Are you passionate about building scalable data solutions that power real-time insights and machine learning? Join our team as a Software Data Engineer, where you'll design and maintain cutting-edge data architectures on Azure using Databricks.
What You’ll Do:
- Design and optimize data pipelines and ETL/ELT workflows using Databricks on Azure.
- Build and manage modern data platforms including Data Lakes, Warehouses, and Lakehouses for both streaming and batch processing.
- Integrate large-scale datasets from diverse sources using Delta Lake and other formats.
- Develop feature stores and data prep workflows for ML applications.
- Ensure data quality through validation frameworks and governance standards.
- Monitor and optimize workflows for performance, cost-efficiency, and reliability.
What We’re Looking For:
- 3+ years of hands-on experience with Databricks on Azure, Apache Spark (PySpark/Spark SQL), and Delta Lake.
- Strong knowledge of Azure Data Factory, ADLS, Synapse Analytics, Azure ML Studio.
- Proficiency in Python, SQL, Unix/Linux scripting; Java/Scala is a plus.
- Experience with streaming technologies like Apache Kafka, Azure Event Hubs, and Azure Stream Analytics.

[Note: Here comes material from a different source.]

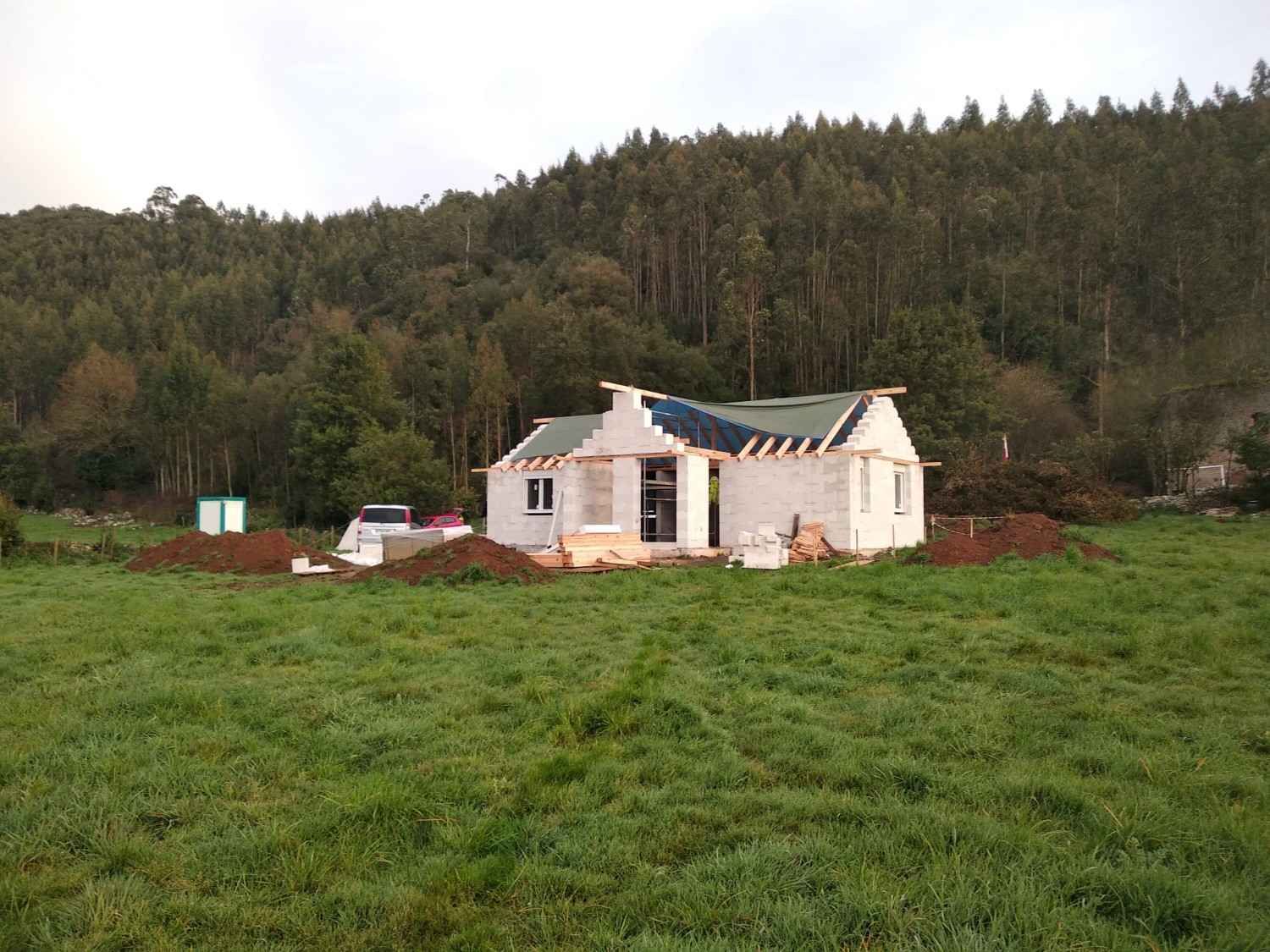 Casa blanca parcialmente construida en un campo verde con colinas boscosas detrás.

- Familiarity with CI/CD tools (Azure DevOps, GitHub Actions), workflow orchestration (Airflow, ADF, Databricks Workflows).
Bonus Skills:
- Experience with ML frameworks (scikit-learn, TensorFlow, PyTorch) and feature engineering on Azure.
- Familiarity with LLM applications, prompt engineering, and AI agent frameworks (Azure OpenAI, Semantic Kernel).
- Containerization experience with Docker, AKS.
- Monitoring tools like Azure Monitor, Datadog, Grafana.
Education:
- Bachelor’s or Master’s degree in Computer Science, Engineering, or a related field.